Lacey Kirk Williams was a Baptist minister who came to Chicago from Texas in 1916 to lead Olivet Baptist Church. After the 1919 Chicago race riot, Illinois Governor Frank Lowden (1861-1943) appointed him to the Chicago Inter-Racial Commission to study the city’s race issues. As a nationally renowned Republican, Williams remained active in politics until his death in a 1940 plane crash while traveling to the G.O.P. convention. This was consistent with his lifelong commitment to Abraham Lincoln’s emancipation platform and the Republican- led Reconstruction in the South. In 1941, Joseph H. Jackson took over as pastor of Olivet Baptist Church, a position he held for nearly fifty years until his death in 1990. Like his predecessor Williams, Jackson adhered to Booker T. Washington’s (1856-1915) accommodationist approach to achieving civil rights, focusing on economic uplift rather than social and legal action. In 1953, he was elected president of the National Baptist Convention (NBC). During the 1960s, amid the height of the Civil Rights Movement, Jackson frequently clashed with Dr. Martin Luther King, Jr. (1929-1968), criticizing his approach, while nonviolent, was overly confrontational.
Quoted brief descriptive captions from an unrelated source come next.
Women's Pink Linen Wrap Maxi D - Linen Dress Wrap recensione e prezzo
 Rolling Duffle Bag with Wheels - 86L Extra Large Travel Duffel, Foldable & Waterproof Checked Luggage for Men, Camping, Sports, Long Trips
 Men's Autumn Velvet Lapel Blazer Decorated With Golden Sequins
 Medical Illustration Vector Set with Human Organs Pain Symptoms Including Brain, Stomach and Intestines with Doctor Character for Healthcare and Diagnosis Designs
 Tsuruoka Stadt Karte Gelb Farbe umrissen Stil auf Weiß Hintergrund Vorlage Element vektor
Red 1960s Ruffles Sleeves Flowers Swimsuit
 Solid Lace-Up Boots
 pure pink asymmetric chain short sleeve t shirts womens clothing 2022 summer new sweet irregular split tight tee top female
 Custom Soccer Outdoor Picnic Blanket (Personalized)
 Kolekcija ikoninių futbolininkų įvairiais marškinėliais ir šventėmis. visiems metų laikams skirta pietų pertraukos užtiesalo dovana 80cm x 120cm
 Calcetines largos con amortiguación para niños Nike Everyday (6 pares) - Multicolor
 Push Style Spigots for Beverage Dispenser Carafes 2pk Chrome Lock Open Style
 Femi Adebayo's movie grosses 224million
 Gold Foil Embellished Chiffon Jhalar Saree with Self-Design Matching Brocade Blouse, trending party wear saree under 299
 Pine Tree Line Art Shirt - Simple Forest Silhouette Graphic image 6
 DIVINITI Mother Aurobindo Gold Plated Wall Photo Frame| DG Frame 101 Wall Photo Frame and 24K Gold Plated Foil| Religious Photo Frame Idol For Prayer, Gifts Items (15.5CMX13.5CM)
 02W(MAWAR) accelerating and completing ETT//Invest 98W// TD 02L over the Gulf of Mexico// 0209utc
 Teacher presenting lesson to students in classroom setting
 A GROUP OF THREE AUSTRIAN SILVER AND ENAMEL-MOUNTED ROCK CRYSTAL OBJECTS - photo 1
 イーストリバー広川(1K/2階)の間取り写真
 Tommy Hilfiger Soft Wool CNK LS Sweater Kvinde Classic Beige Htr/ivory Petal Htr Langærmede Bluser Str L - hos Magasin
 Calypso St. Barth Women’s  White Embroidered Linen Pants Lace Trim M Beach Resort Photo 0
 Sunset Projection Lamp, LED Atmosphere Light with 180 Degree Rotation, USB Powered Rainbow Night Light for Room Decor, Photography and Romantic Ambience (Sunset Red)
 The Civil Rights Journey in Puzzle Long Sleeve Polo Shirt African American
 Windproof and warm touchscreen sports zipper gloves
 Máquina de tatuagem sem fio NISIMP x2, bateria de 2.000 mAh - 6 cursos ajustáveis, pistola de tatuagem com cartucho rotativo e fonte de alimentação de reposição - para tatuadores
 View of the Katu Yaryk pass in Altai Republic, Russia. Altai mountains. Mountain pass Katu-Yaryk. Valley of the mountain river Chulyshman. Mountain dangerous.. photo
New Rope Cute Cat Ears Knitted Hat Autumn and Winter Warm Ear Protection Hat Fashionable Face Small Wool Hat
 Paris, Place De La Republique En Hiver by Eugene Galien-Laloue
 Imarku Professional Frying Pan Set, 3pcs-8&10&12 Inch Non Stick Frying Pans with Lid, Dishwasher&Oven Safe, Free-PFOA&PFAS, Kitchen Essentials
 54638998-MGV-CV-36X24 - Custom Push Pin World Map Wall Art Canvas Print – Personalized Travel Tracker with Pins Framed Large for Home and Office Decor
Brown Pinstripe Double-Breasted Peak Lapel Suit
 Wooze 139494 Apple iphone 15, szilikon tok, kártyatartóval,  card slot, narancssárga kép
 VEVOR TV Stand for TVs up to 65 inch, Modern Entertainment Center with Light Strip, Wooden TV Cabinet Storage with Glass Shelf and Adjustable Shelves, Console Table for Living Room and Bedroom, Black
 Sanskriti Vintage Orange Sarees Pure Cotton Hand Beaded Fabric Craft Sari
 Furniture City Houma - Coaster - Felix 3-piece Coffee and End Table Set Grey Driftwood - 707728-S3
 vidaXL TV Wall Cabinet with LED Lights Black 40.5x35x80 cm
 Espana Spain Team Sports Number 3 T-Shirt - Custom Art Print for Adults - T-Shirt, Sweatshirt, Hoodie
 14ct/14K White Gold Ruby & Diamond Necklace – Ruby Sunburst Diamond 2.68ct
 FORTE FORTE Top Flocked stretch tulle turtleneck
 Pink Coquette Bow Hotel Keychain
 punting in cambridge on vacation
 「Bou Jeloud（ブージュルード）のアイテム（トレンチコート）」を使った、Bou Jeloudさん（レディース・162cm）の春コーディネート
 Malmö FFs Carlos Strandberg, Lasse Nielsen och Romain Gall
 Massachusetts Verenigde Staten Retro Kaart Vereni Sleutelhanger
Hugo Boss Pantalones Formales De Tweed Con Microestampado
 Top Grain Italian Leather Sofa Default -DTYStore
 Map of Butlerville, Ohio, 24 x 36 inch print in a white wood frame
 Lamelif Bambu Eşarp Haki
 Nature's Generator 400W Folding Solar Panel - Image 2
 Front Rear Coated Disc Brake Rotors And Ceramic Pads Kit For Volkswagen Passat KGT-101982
Because of his controversial remarks, King and other dissenting ministers broke away from the NBC to form the Progressive National Baptist Convention, USA. Jackson, however, held onto the presidency of the NBC until 1982, when he was succeeded by T. J. Jemison (1918-2013), one of the founding members of the Southern Christian Leadership Conference.
Threat
Since the 1990 death of pastor Joseph H. Jackson, leader of the church for almost fifty years, the congregation has significantly dwindled in numbers. As with countless churches across Chicago and the nation, an aging congregation, demographic shifts, and the considerable demands of maintaining a large, historic structure have all proved challenging. Since then, Olivet has struggled to recover its stature in Chicago’s African American community. The Church retains ownership and continues to hold services in a smaller section of the historic structure, though the building itself shows signs of increasing deterioration. The church building’s masonry is stained with organic material and the roof and many of the windows throughout appear in need of repairs. Additionally, earlier remedial work, such as the northwest church spire replacement, while undertaken with good intentions, does not align with the church’s historic character.
Recommendations
Formally pursuing City of Chicago Landmark status is a natural first step for Olivet Baptist Church, and a path Preservation Chicago recently recommended at a public meeting of the Commission on Chicago Landmarks.

Repairs and weatherproofing the exterior envelope of the church and addressing a series of open code violations likewise remain top priorities. With significant public subsidy and/or private assistance, the church would hopefully be positioned to fully reopen its grand sanctuary. City of Chicago Adopt-a-Landmark funding is unfortunately on pause at the time of this writing, but national programs such as the National Fund for Sacred Places and the National Trust for Historic Preservation’s Preserving Black Churches are both excellent candidates for private support. Serious consideration should likewise be given to investment opportunities for both the adjacent, modernist school wing, which is currently vacant, and the large, underutilized surface parking lot. Whether via lease, partnership, or outright sale, monetization of both spaces could support larger rehabilitation efforts for the grand church structure.